Mit der strategischen Ebene ist es nicht getan, Begegnung muss stattfinden können. Nicht selten sind IT-Abteilung und Fachbereiche räumlich getrennt, eventuell sogar im anderen Gebäude oder im anderen Stadtteil. Das erschwert die Situation, wenn Business und IT schon von Natur aus Lichtjahre auseinander liegen. Ist die IT-Abteilung eines Spitals mit hochmoderner Infrastruktur zwei Kilometer vom Spital entfernt, kann kein unverbindliches Gespräch mit Ärzten oder Pflegekräften entstehen. Persönliche Beziehungsebene ausgeschlossen. Gerade das wäre wertvoll, um diese diametral entgegengesetzten Mentalitäten zusammenzubringen. Hier ist Kreativität gefragt, um Orte der Begegnung zu schaffen – räumlich, zeitlich und natürlich in geeigneten Organisationsformen. Warum nicht eine Art IT-Sprechstunde einrichten, wo Mitarbeitende Fragen klären oder Unsicherheiten beseitigen können? Klingt vielleicht absurd oder «zu teuer», ist aber ein klares Win-Win für beide Seiten, denn kompetente Mitarbeitende machen weniger Fehler und sind motivierter, dank mehr Selbstwirksamkeit. Regelmässige Events oder Info-Veranstaltungen zu aktuellen Themen und Projekten, um mitreden zu können, sind eine andere Möglichkeit. Das schafft letztlich Verständnis und Akzeptanz für Veränderungen.
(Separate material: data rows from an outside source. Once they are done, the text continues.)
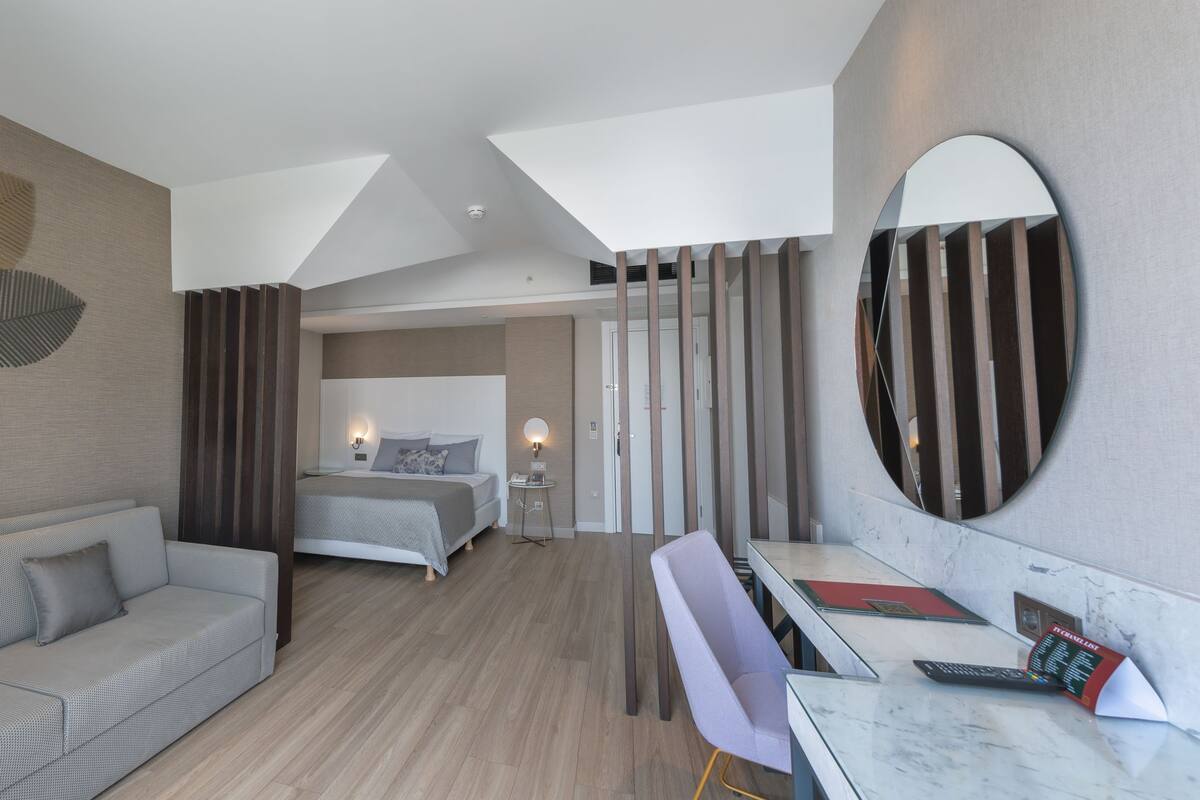 A modern hotel room with a sofa, a bed, a desk with a chair, a large mirror, and a wall-mounted light fixture.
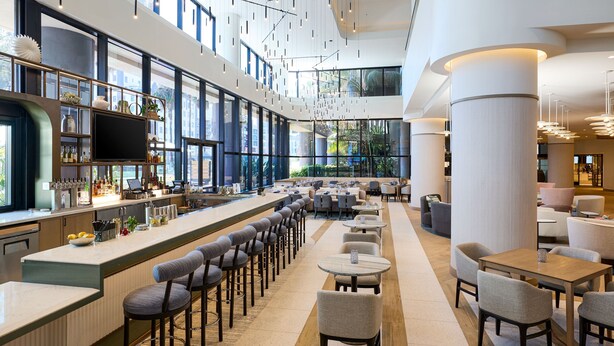 A modern bar area with high ceilings, large windows, and a variety of seating options including bar stools and tables. - Marriott Long Beach Downtown (Long Beach)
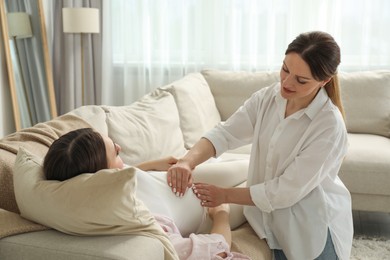 Doula taking care of pregnant woman at home. Preparation for child birth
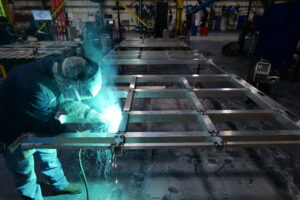 Welder fitting an aluminum frame for datacenters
«Miteinander reden, nicht übereinander»

Diesen Slogan habe ich unlängst bei der GenZ aufgeschnappt, die sich damit hartnäckig gegen unberechtigte Vorurteile zur Wehr setzt. Kluge Wort, die sich auf viele gegensätzliche Bereiche der Gesellschaft anwenden lassen – auch auf die Schnittstelle zwischen Business und IT. Wo immer Begegnung stattfindet, es geht darum ins Gespräch zu kommen, sich füreinander zu interessieren und voneinander zu lernen, Probleme und Ideen auszutauschen. Das passiert nicht von selbst, denn Menschen gehen fremden Dingen instinktiv gern aus dem Weg. Es gilt, Neugierde zu wecken und positive Erlebnisse zu schaffen. Dafür sind beide Seiten gefordert! Wenn die IT der zunehmenden Spezifizierung in puncto Wissen folgen will, reicht technisches Know-how nicht mehr aus. Sie muss das Business verstehen, um Wertschöpfung zu generieren. Business und IT sind also unmittelbar aufeinander angewiesen und sollten sich gegenseitig coachen. Nicht nur die IT ist Enabler fürs Business – das Business ist auch Enabler für die IT.

Die agile Lehre kann den Weg zeigen

Agile Frameworks wie SAFe haben diesen Gedanken des gegenseitigen Austauschs und des kontinuierlichen Lernens in allen Dimensionen aufgegriffen und entwickeln ihn ständig weiter. Man muss keine agile Organisation übers Knie brechen, aber Unternehmen können klein anfangen und sich wertvolle Anregungen für neue Formen der Zusammenarbeit holen. Eins darf dabei nie vergessen werden –  Rollen, Strukturen und Prozesse sind wichtig, aber wenn wir in dieser mechanistischen Konstruktion die Menschen vergessen, kommt das Räderwerk nicht zum Laufen, weil das Wichtigste fehlt: Beziehungen, Transparenz und Vertrauen in die Organisation. Letzteres ist im Gegensatz zu allen Budget-Kalkulationen unbezahlbar.